WHAT NEEDS TO BE DONE
Skip any image you find and restate the rest of the data word for word.

DATA EXCERPT
+++

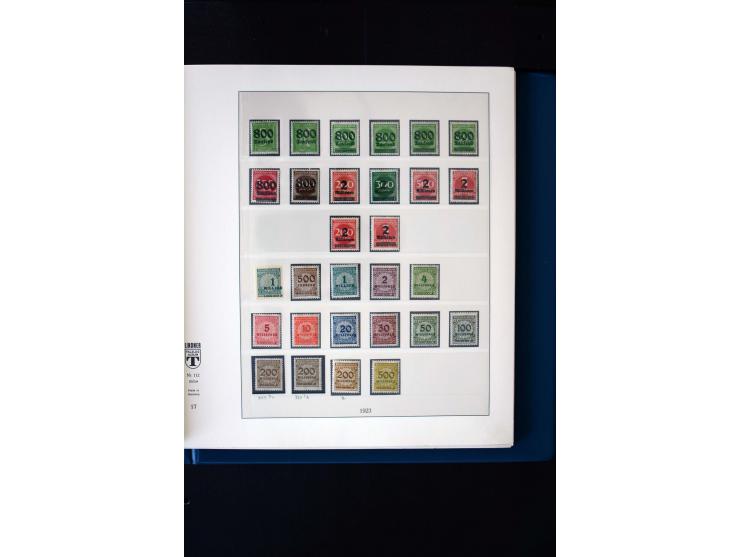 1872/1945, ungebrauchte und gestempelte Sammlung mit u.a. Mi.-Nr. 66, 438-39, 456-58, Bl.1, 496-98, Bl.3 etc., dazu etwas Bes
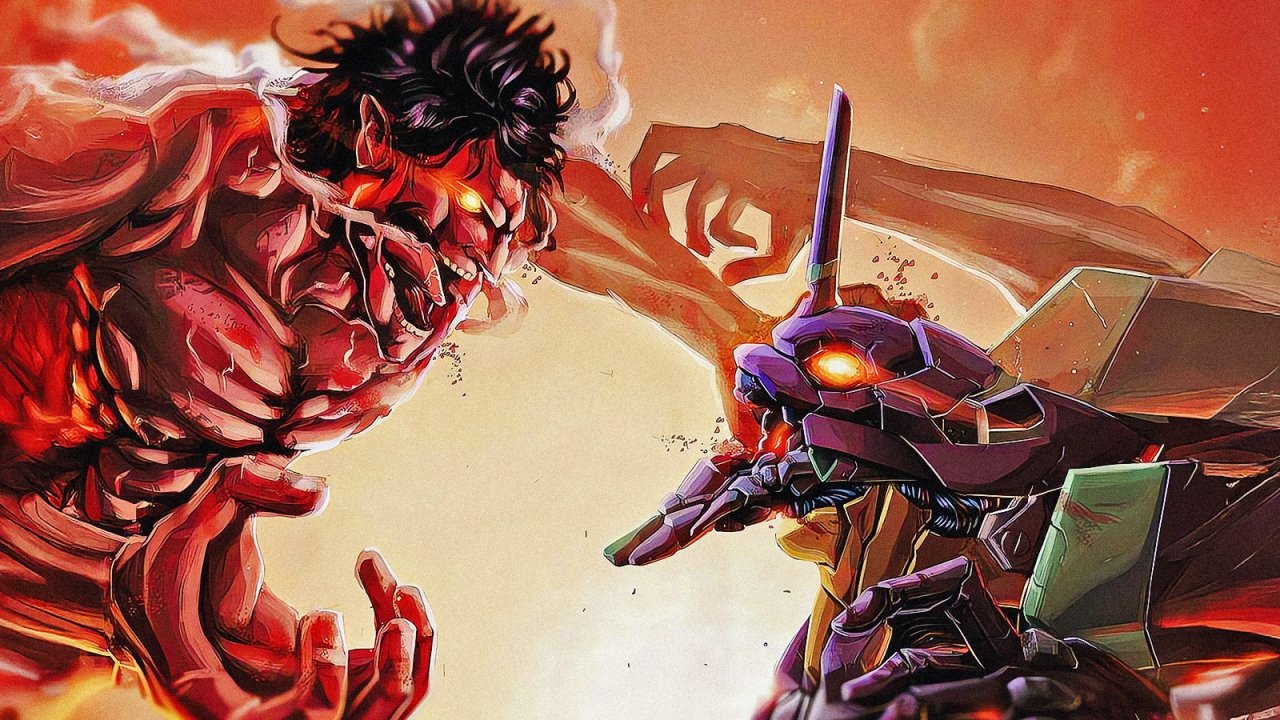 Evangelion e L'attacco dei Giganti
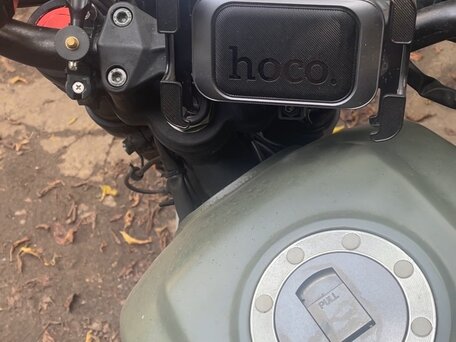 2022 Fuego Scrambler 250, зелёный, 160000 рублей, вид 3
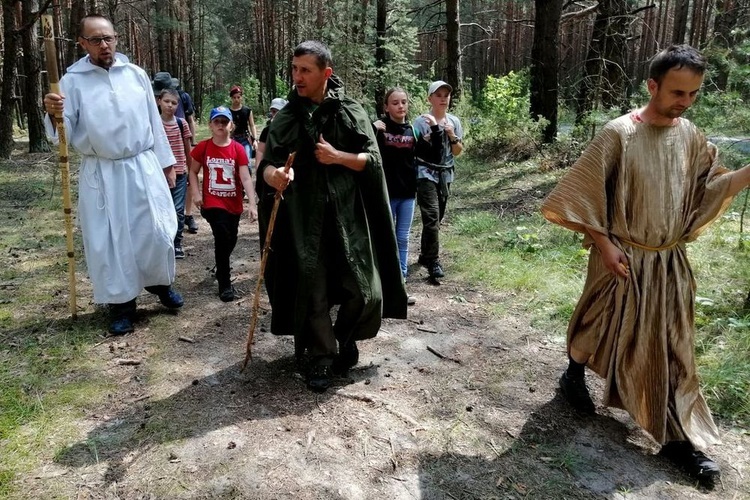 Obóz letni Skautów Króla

+++

WRITTEN RESPONSE
 1872/1945, ungebrauchte und gestempelte Sammlung mit u.a. Mi.-Nr. 66, 438-39, 456-58, Bl.1, 496-98, Bl.3 etc., dazu etwas Bes
 Evangelion e L'attacco dei Giganti
 2022 Fuego Scrambler 250, зелёный, 160000 рублей, вид 3
 Obóz letni Skautów Króla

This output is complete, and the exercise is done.